Pictures with short captions
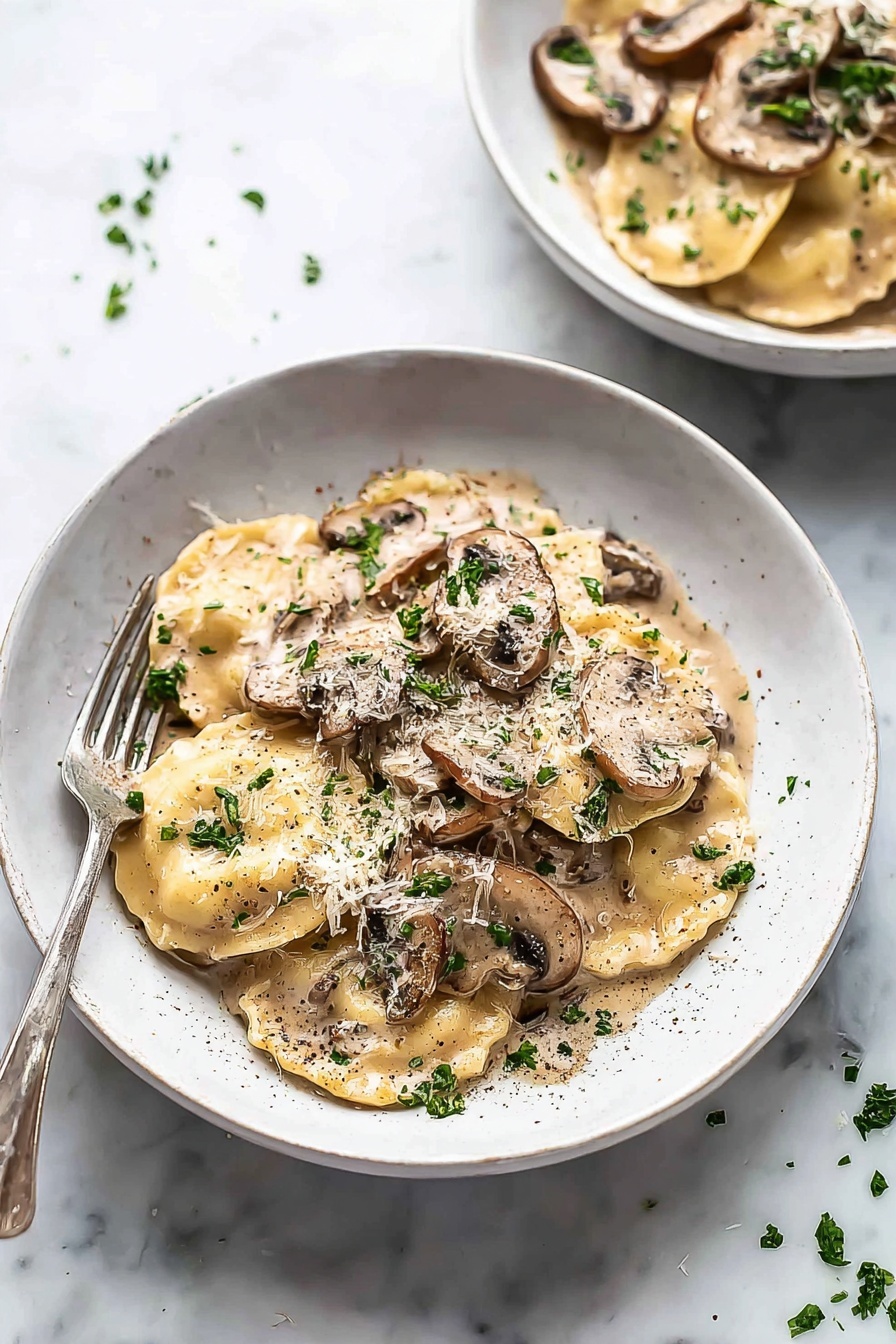 Creamy Mushroom Ravioli, Mushroom Ravioli Recipe, Easy Mushroom Pasta, Vegetarian Ravioli Dish, Comfort Food Pasta - The image shows a white bowl filled with two layers of round ravioli pasta covered in a creamy light brown mushroom sauce with visible slices of brown mushrooms on top and scattered parsley leaves for garnish. The sauce coats the pasta fully, giving a smooth, glossy texture, and there is a sprinkle of black pepper and grated cheese on top. A silver fork is placed on the left edge of the bowl resting against the side. In the background, there is a second bowl, similarly filled, placed on a white marbled surface with small bits of parsley scattered around. photo taken with an iphone --ar 2:3 --v 7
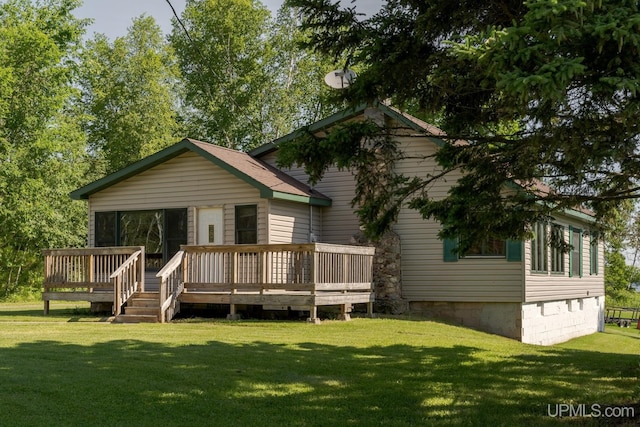 rear view of house with a wooden deck and a yard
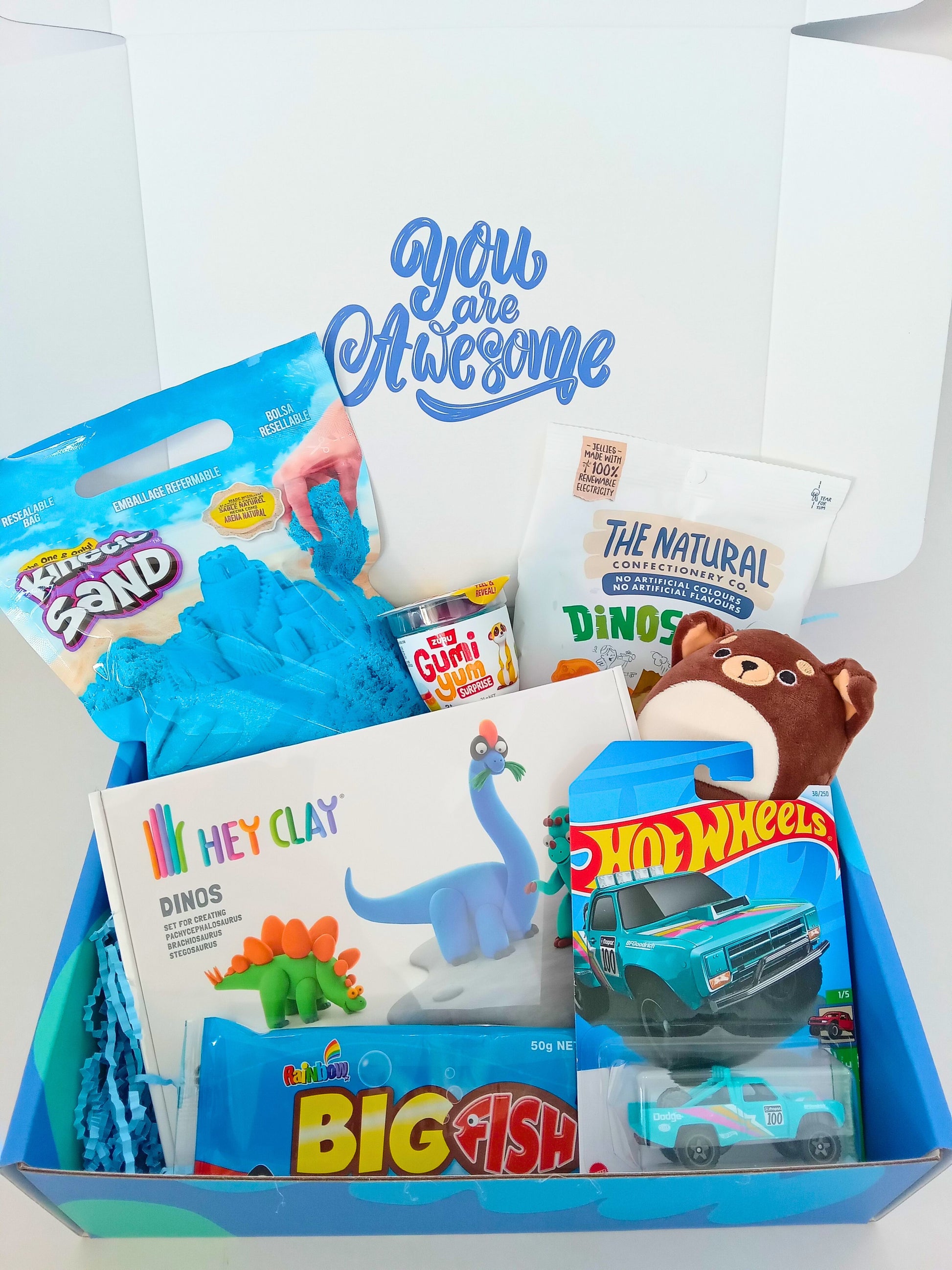 Gift basket with toys and activities for children, including a dinosaur hey clay, squishmallow and Hot Wheels car, plus treats.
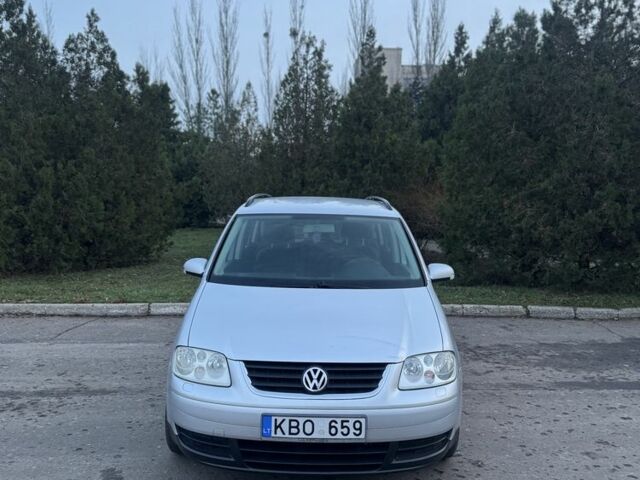 Серый Фольксваген Туран, объемом двигателя 1.9 л и пробегом 250 тыс. км за 3450 $, фото 2 на Automoto.ua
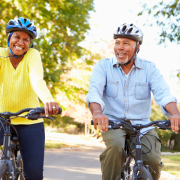 Mature couple riding bikes side by side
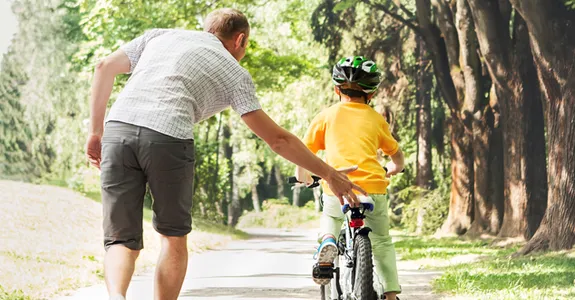Photo of a father helping his son to learn to ride a bike in a wooded area.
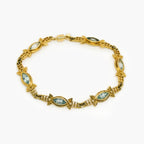 Pre-Owned 9ct Gold Blue Topaz Bracelet - Jordans Jewellers
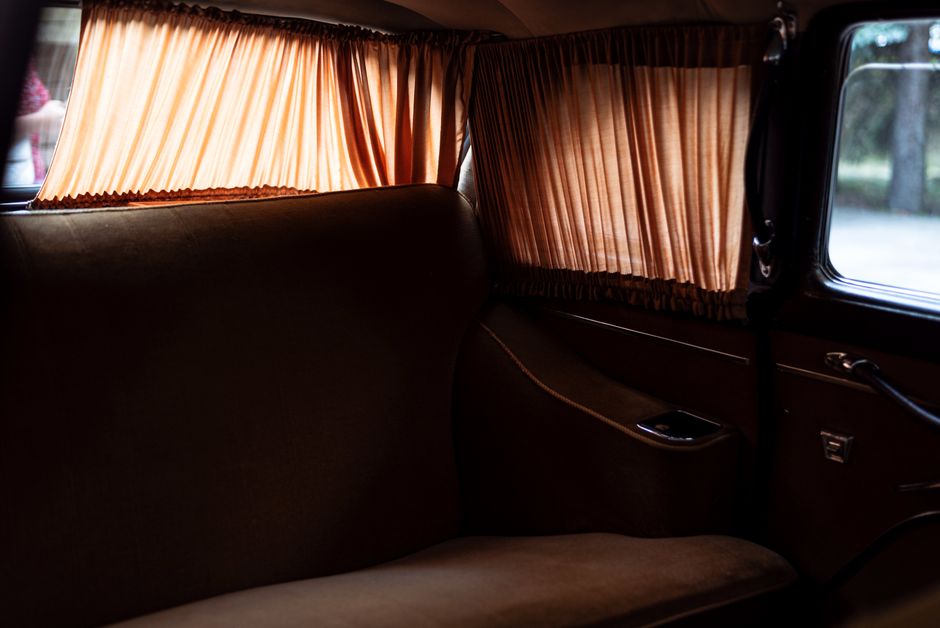 Interior de um veículo clássico com cortinas de tecido na janela, transmitindo uma atmosfera vintage e acolhedora.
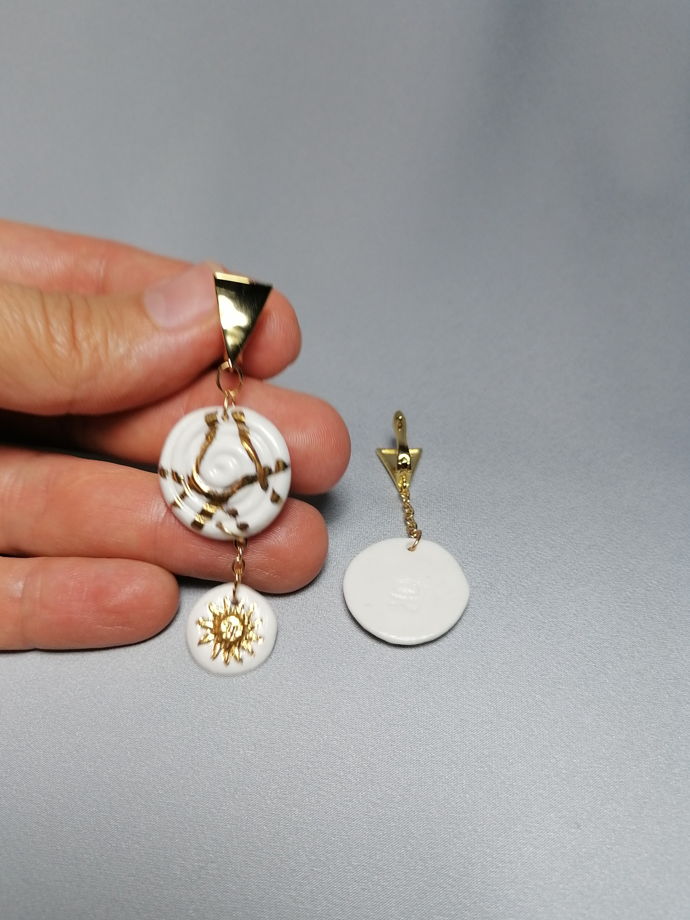 Серьги треугольники с подвеской Азия-Солнце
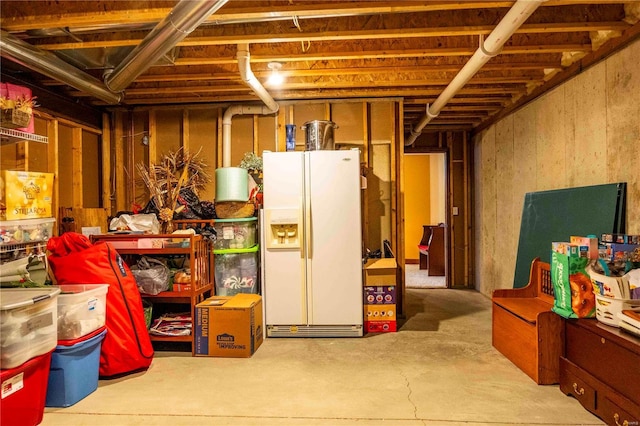 basement featuring white refrigerator with ice dispenser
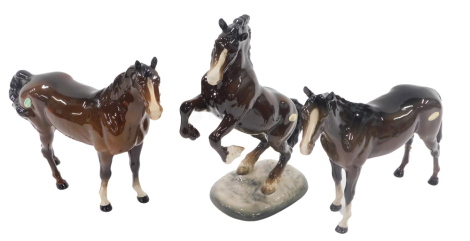 A Beswick brown rearing horse, on circular base stamped Beswick and numbered 1014, and two Beswick brown horses, 2cm high. (3)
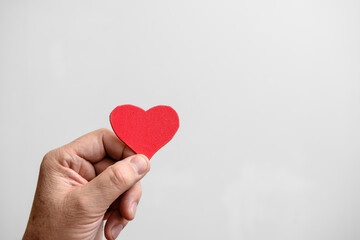 Valentine's Day background. Red hearts in your hand . Copy space.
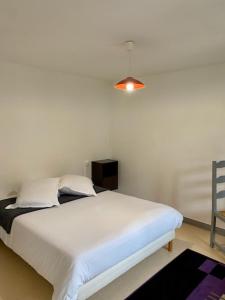 a bedroom with a white bed and a chair at hotel du commerce in Fauville-en-Caux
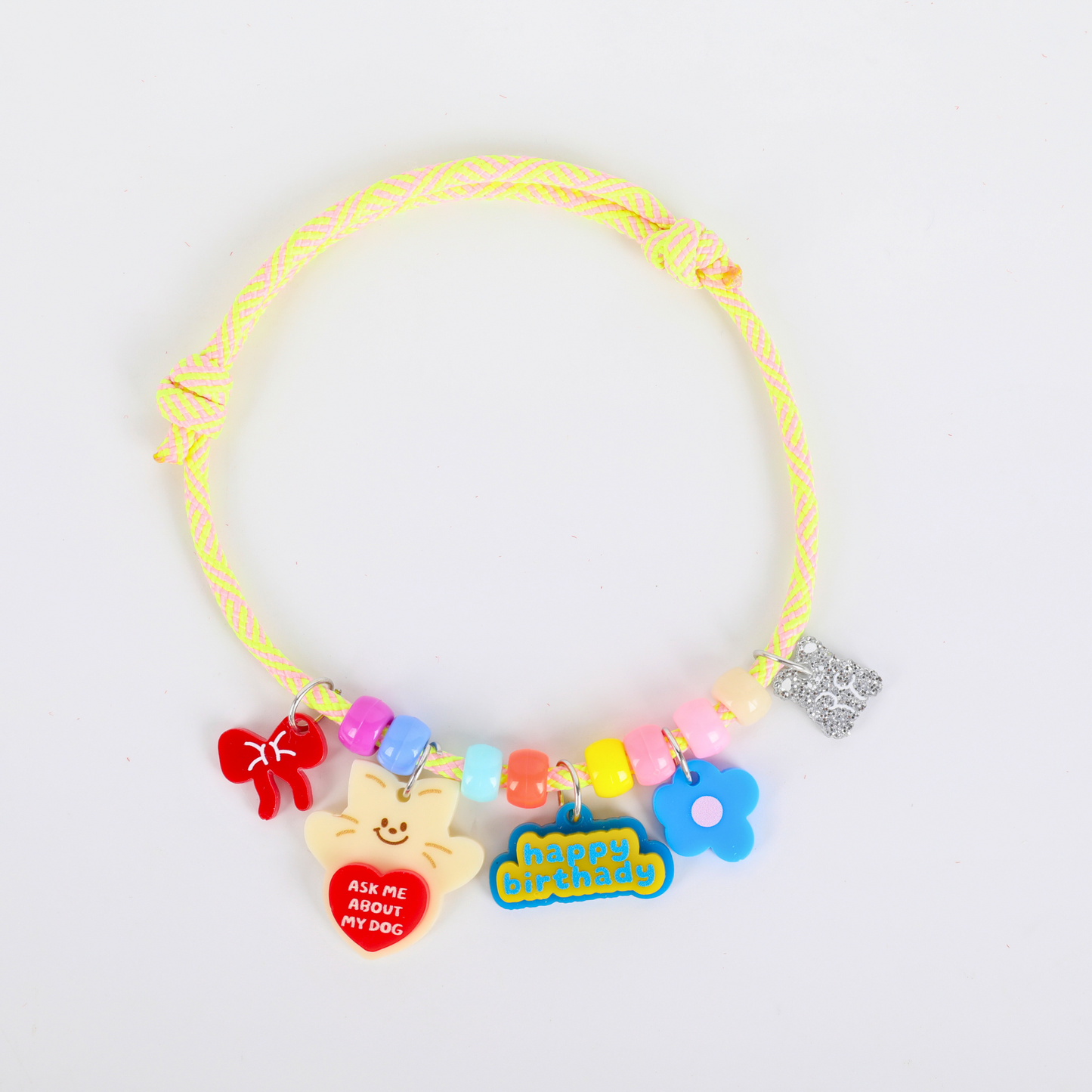 Colorful pets necklace with various charms on a white background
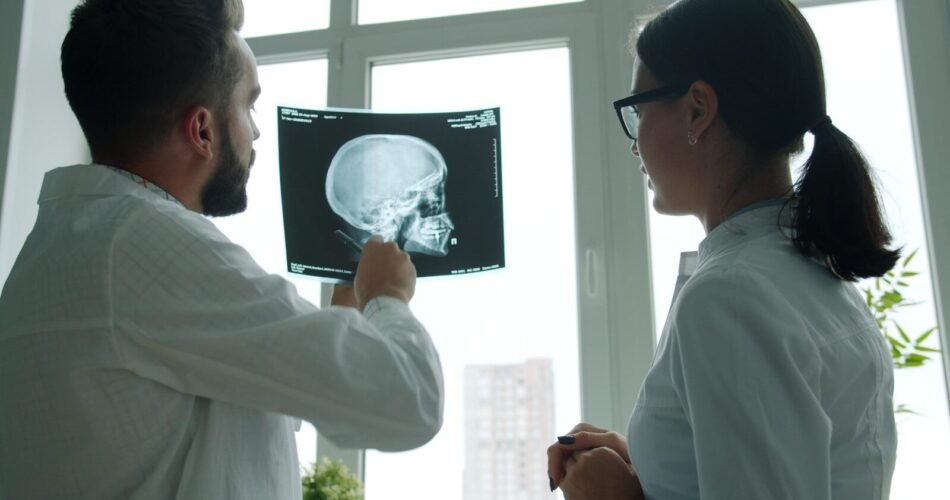 Two doctors examine a skull x-ray together.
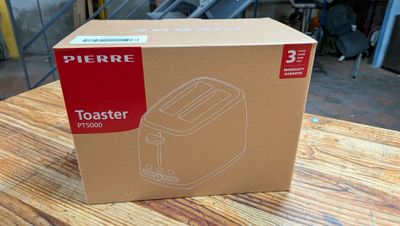 une boîte en carton posée sur une table, contenant un grille-pain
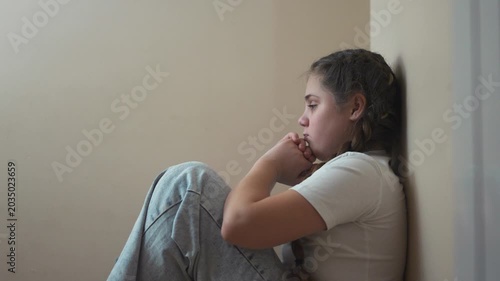 Young girl sitting on the floor. Sad child sits on a corner and is punished. A teenage girl is traumatized by a violent incident. A little lifestyle girl sitting on the ground.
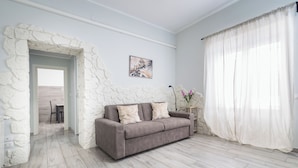 Une pièce avec un mur en pierre, un canapé gris, un rideau blanc et un tableau encadré accroché au mur.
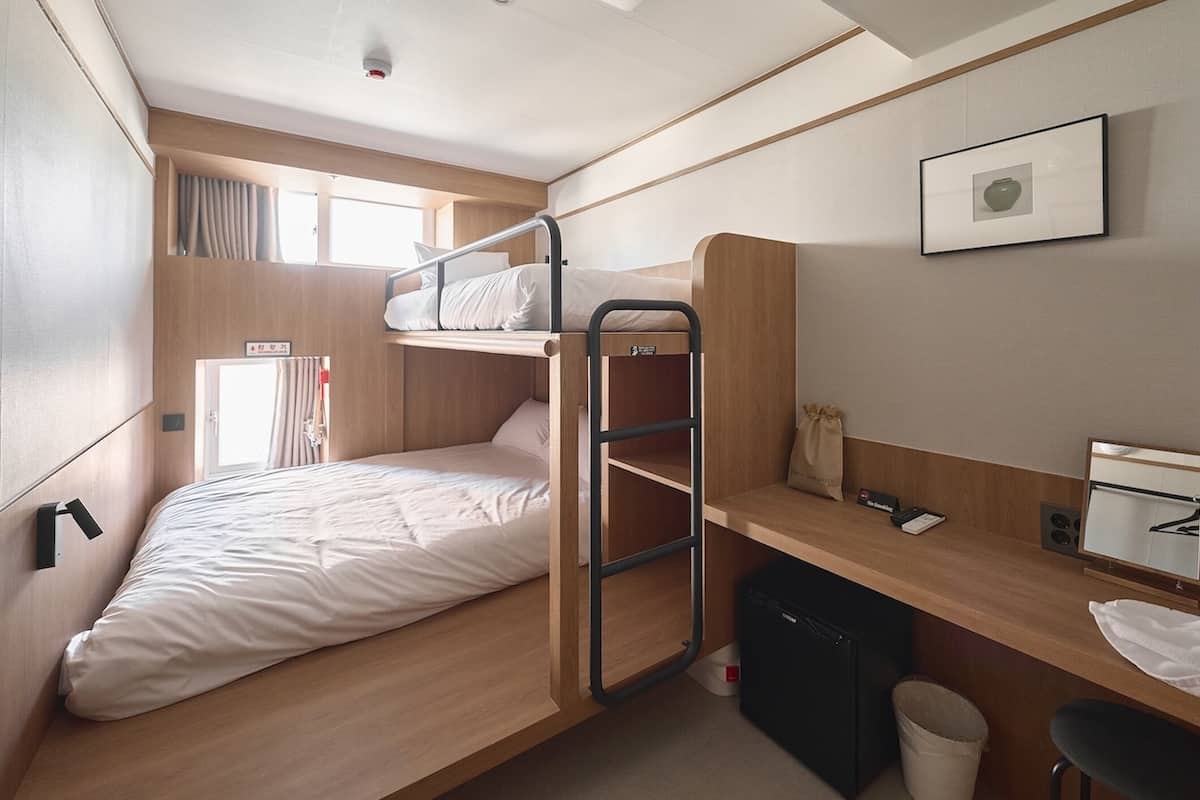 Een compacte hotelkamer met een stapelbed, een bureau met stoel, een kleine prullenbak en een raam met gordijnen.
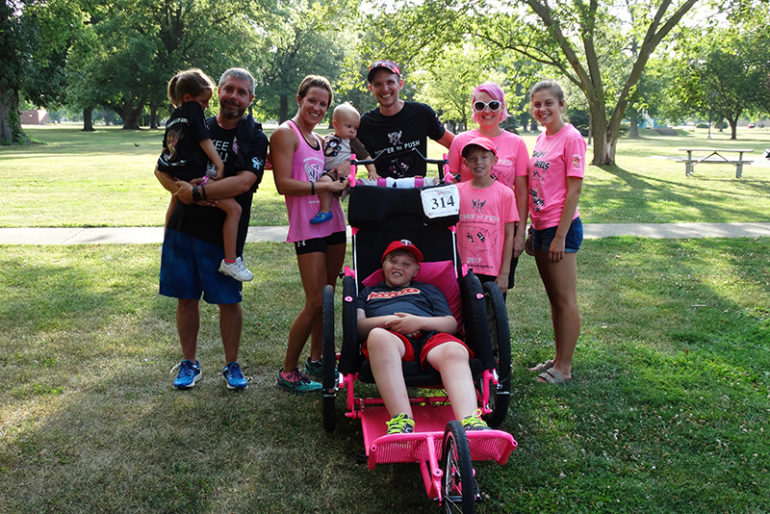 The Evans met with other Ainsley’s Angels supporters in Community Park around 6 p.m., had refreshments and presented the Evans family with donated supplies to keep the family going, including bottled water (Shaun, the father, goes through many bottles each day on their trek), snacks, toys and more.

* _Activity_: Once the line holding "Een compacte hotelkamer" is found, set it down along with every line after it through the end of the entries, exactly, leaving the pictures out.

* _Task output_:
 Een compacte hotelkamer met een stapelbed, een bureau met stoel, een kleine prullenbak en een raam met gordijnen.
 The Evans met with other Ainsley’s Angels supporters in Community Park around 6 p.m., had refreshments and presented the Evans family with donated supplies to keep the family going, including bottled water (Shaun, the father, goes through many bottles each day on their trek), snacks, toys and more.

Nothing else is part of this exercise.